Tess Ward's aim is 'to help people get to grips with produce-led, colourful dishes'. This simple to prepare Summer Green Salad with Crispy Black Pudding is just one example of how to make a delicious dish with just a few quality ingredients.
"Certainly black pudding has a time and a place. I personally find its rich, deep flavour a little wasted on eggs and bacon on my breakfast plate, but in salads is another story. In this case it gets the chance to be the real hero of the dish."
Thank you Tess!
- Pre-heat a non stick frying pan on a high heat. Place slices of black pudding in the pan and cook for 2-3 minutes each side until golden and crispy. Remove from the pan and flake apart onto a plate, discarding the skin. Keep the frying pan and the fat.

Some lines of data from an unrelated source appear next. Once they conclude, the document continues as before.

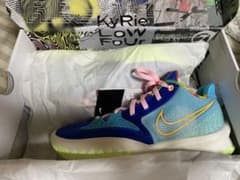 NIKE ナイキ　カイリーロー4のサムネイル
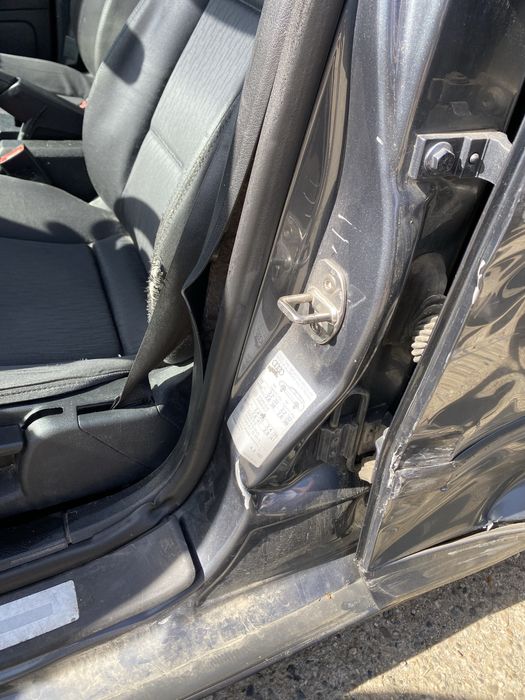Vand a4 b7 pentru dezmembrari. Masina functioneaza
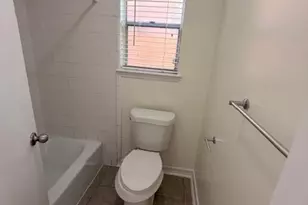 2807 Kenross St, Houston, TX 77043 - Photo 12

- Wash and then chop the baby gem into wedges. If using frozen, run the peas under the tap to defrost, then dry throughly. Add all the salad ingredients to a large bowl or platter and mix through 3/4 crumbled black pudding.
- Leave the frying pan off the heat for a good 10 minutes to cool. You can then use it to make the dressing, by placing the remaining dressing ingredients in the pan, to mix with the rendered black pudding fat. Season to taste, adjusting to add a little more vinegar, if required, then pour the warm salad dressing juices straight over the salad.
Toss to combine and serve with the remaining black pudding on top. Enjoy warm.